WASHINGTON — In just four years, a ban on drilling off the eastern Gulf is set to expire. But the Sunshine state’s congressional delegation is determined to make sure that doesn’t happen.
- Offshore drilling ban for Gulfcoast set to expire 2022
- Florida Congressional Delegation fighting to stop that
- Plans call to extend or make permanent the ban
“Twenty-seven members, the third largest delegation in Congress is standing together," said Rep. Darren Soto, D-Kissimmee. "That spells a good sign for us keeping oil drilling off our shores.”
“We saw what happened with the Deepwater Horizon spill and how even when there isn’t significant damage to our beaches, even the specter of that possibility causes a dramatic drop in our tourism,” said Rep. Debbie Wasserman Schultz, D-District 23 in aoutheast Florida.

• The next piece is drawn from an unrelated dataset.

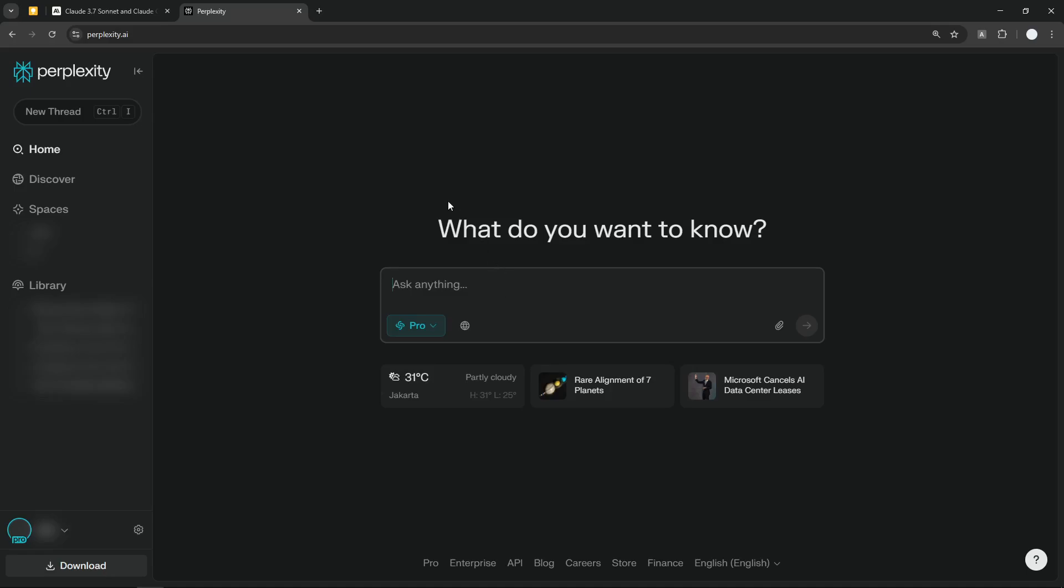That's how you can use Claude 3.7 Sonnet in Perplexity AI. If you find this video to be useful, then please consider subscribing to this channel. I'll see you on the next video. Take care.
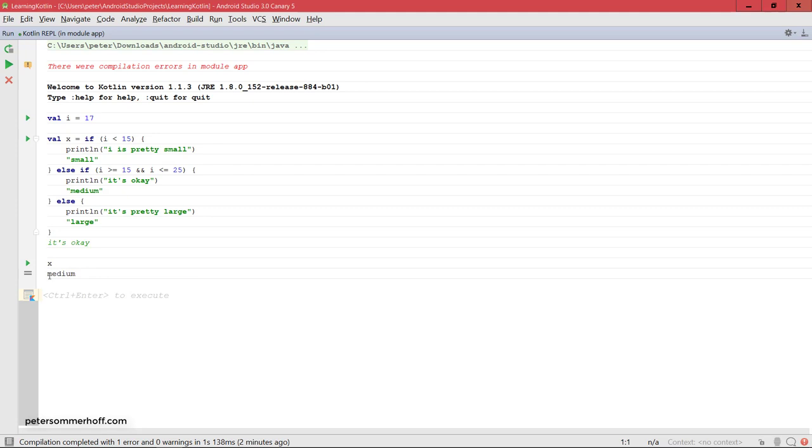So this was the return type in this case of this whole block, which means that x was set to this value. You can put anything you want into this last line to define the return value.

The Trump Administration is rapidly working to reduce regulations, with the goal of expanding offshore oil exploration to maintain the U.S.’s ranking as the leading producer of oil and natural gas.
“The oil states, Texas, Alabama, Louisiana and Mississippi Republicans are very much against the moratorium, and they have very strong influence with the oil and gas industry there and I’m fighting them,” said Rep. Francis Rooney, R-District 19 in southwest Florida.
At least twice since the beginning of this year, Interior Secretary Ryan Zinke had indicated that drilling would not be allowed off the coast of Florida. But, the area is still included in a Trump Administration proposal that would open federal waters along parts of America’s coastline to oil and gas exploration.
“Anything that is done administratively can be changed administratively as well and hung up in the courts, and that’s why we need to get a law passed, to protect Florida,” Rooney said.
Rooney has proposed legislation that would permanently ban oil and gas drilling off certain areas of the Gulf of Mexico. Congresswoman Debbie Wasserman Schultz introduced a bill to extend the current ban from 2022 to 2027.
Recently, the Department of Defense released a report that found oil and gas exploration could potentially interfere with military training and testing. Florida lawmakers hope to use that ban as evidence to stop drilling. Military testing and training is done in the eastern Gulf.